Records supplied
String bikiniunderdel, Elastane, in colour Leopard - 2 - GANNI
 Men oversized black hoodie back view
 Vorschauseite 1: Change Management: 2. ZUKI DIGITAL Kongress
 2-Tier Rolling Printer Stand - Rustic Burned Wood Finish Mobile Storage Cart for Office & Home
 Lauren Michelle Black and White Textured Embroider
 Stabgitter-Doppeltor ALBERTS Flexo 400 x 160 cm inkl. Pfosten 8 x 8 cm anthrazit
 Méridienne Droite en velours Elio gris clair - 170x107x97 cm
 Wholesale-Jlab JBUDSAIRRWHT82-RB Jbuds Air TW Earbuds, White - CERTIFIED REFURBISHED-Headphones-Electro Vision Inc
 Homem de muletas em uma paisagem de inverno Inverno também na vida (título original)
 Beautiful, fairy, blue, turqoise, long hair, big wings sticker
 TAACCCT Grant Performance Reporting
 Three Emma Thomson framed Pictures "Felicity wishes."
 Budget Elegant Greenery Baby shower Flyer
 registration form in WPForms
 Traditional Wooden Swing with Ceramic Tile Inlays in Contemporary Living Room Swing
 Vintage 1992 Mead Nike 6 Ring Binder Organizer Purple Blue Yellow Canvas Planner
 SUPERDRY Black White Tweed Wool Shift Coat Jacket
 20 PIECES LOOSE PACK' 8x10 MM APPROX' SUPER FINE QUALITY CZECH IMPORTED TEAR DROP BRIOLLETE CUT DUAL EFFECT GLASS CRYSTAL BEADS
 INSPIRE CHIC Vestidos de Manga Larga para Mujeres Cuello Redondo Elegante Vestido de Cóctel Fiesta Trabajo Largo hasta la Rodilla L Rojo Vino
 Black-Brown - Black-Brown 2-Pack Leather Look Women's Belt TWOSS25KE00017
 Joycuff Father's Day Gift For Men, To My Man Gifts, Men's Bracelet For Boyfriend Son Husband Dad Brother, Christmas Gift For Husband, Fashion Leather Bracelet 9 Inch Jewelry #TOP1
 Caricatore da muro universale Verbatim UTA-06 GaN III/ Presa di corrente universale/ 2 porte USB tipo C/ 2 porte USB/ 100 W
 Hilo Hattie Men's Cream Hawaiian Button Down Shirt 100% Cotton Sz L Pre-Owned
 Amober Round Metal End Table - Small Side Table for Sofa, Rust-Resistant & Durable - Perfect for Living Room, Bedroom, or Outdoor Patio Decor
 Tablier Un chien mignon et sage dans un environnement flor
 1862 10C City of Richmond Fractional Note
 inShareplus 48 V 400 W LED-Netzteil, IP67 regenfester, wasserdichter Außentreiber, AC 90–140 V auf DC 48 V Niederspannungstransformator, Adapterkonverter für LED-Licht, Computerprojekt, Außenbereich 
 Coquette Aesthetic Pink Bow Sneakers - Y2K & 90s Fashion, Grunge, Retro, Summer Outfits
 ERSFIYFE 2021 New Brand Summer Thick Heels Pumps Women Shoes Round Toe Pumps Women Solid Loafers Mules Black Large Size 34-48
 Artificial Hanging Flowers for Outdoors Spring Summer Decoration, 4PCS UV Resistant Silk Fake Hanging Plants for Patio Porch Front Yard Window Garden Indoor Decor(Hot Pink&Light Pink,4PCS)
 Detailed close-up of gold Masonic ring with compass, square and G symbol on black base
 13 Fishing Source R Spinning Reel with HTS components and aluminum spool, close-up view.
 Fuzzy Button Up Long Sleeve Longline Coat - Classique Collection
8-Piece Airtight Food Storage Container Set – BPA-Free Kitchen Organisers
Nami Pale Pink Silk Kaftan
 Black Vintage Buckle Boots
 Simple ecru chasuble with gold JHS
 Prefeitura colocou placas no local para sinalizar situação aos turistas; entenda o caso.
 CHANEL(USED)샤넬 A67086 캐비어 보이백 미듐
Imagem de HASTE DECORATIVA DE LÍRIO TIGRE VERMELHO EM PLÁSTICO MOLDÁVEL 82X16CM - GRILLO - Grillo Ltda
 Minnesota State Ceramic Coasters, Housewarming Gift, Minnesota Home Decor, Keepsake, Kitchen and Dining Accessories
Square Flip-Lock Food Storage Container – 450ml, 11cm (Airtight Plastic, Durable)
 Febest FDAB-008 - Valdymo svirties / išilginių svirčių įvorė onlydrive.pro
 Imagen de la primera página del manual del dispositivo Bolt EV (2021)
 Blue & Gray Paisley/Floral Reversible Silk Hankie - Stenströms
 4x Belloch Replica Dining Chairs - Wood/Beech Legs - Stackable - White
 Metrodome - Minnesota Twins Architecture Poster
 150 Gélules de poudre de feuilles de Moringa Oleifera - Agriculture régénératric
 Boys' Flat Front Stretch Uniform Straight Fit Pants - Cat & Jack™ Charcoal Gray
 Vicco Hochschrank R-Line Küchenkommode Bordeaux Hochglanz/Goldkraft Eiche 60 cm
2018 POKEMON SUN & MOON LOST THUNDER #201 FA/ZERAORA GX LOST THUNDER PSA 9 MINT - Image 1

Work item
Please transcribe exactly the lines above from the line that has "8-Piece Airtight Food" up to and including the line that has "4x Belloch Replica"; no other line belongs in the answer.

Response below
8-Piece Airtight Food Storage Container Set – BPA-Free Kitchen Organisers
Nami Pale Pink Silk Kaftan
 Black Vintage Buckle Boots
 Simple ecru chasuble with gold JHS
 Prefeitura colocou placas no local para sinalizar situação aos turistas; entenda o caso.
 CHANEL(USED)샤넬 A67086 캐비어 보이백 미듐
Imagem de HASTE DECORATIVA DE LÍRIO TIGRE VERMELHO EM PLÁSTICO MOLDÁVEL 82X16CM - GRILLO - Grillo Ltda
 Minnesota State Ceramic Coasters, Housewarming Gift, Minnesota Home Decor, Keepsake, Kitchen and Dining Accessories
Square Flip-Lock Food Storage Container – 450ml, 11cm (Airtight Plastic, Durable)
 Febest FDAB-008 - Valdymo svirties / išilginių svirčių įvorė onlydrive.pro
 Imagen de la primera página del manual del dispositivo Bolt EV (2021)
 Blue & Gray Paisley/Floral Reversible Silk Hankie - Stenströms
 4x Belloch Replica Dining Chairs - Wood/Beech Legs - Stackable - White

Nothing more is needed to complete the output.